Here how an original frame looks like in practice:


Frame


And here the automatically cropped image showing the Sudoku grid:


Frame


We now proced to binarize the image using local thresholding, which is robust to local shadings. We could apply the OCR directly to this image and let it decide the binarization, but we found that binarizing the image ourselves worked better.

/* Apply local thresholding */
Mat sudoku_th = sudoku_box.clone();
adaptiveThreshold(sudoku_box, sudoku_th, 255,
                               CV_ADAPTIVE_THRESH_GAUSSIAN_C,
                               CV_THRESH_BINARY_INV, 101, 1);

Here the grid after binarization:


Frame


As we can see, the grid is not perfectly aligned. That’s why we reduced the size of the small boxes in previous steps. We can now cut the thresholded image on each of the small boxes detected in the previous post and here we have some results:


Frame


Now that we have the binarized sub-images of the grid, let’s run the OCR on them.

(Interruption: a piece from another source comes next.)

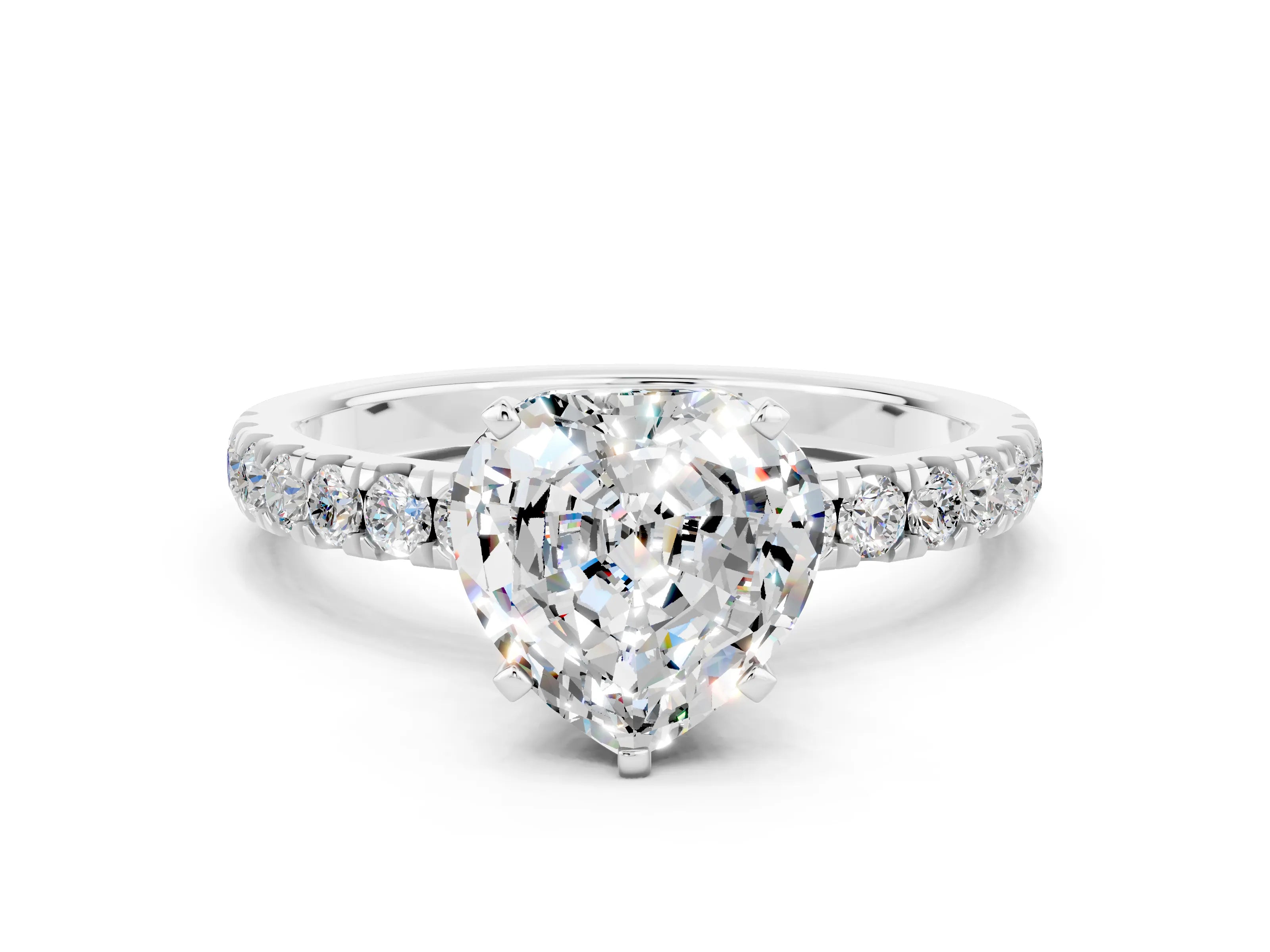White gold Heart Cut Moissanite Solitaire Ring with Pavé Accents and Four-Prong Setting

/* Process all boxes and classify whether
 *  - They are empty (we'll say 0) or
 *  - There is a number 1-9        */
vector<vector<unsigned int>> rec_digits(9,vector<unsigned int>(9));
for(std::size_t ii=0; ii<9; ++ii)
{
    for(std::size_t jj=0; jj<9; ++jj)
    {
        /* Get the square as an image */
        Mat digit_box(sudoku_th, cv::Rect(
                round(boxes[ii][jj].first.x)-ulx,
                round(boxes[ii][jj].first.y)-uly,
                round(boxes[ii][jj].second.x-boxes[ii][jj].first.x),
                round(boxes[ii][jj].second.y-boxes[ii][jj].first.y)));
                                       
        /* Recognize the digit using an OCR */
        rec_digits[ii][jj] = recognize_digit(digit_box, tess);
    }
}

/* Function to recognize a digit in a binarized image using Tesseract 
 *  Note that we should limit Tesseract to look for digits only,
 *  but I didn't manage to do it from the C++ API... :)
 *  That's why we need to handle the 'I' as a '1', er similar...
 */
unsigned int recognize_digit(Mat& im, tesseract::TessBaseAPI& tess)
{
    tess.SetImage((uchar*)im.data, im.size().width, im.size().height,
                              im.channels(), (int)im.step1());
    tess.Recognize(0);
    const char* out = tess.GetUTF8Text();
    if (out)
        if(out[0]=='1' or out[0]=='I' or out[0]=='i' or out[0]=='/'
                        or out[0]=='|' or out[0]=='l' or out[0]=='t')
            return 1;
        else if(out[0]=='2')
            return 2;
        else if(out[0]=='3')
            return 3;
        else if(out[0]=='4')
            return 4;
        else if(out[0]=='5' or out[0]=='S' or out[0]=='s')
            return 5;
        else if(out[0]=='6')
            return 6;
        else if(out[0]=='7')
            return 7;
        else if(out[0]=='8')
            return 8;
        else if(out[0]=='9')
            return 9;
        else
            return 0;
    else
        return 0;
}

Here the results of the recognition of the numbers present in the image.


Frame

2. Solving the Sudoku

We now have all available digits recognized and we also now where the gaps are, so the next step is to solve the Sudoku. To do so, we create a class Sudoku, that mainly contains all the possible digits that are still possible at each grid location and a set of constraints that define the rules of Sudoku (there cannot be repeated numbers in a row, column, etc.).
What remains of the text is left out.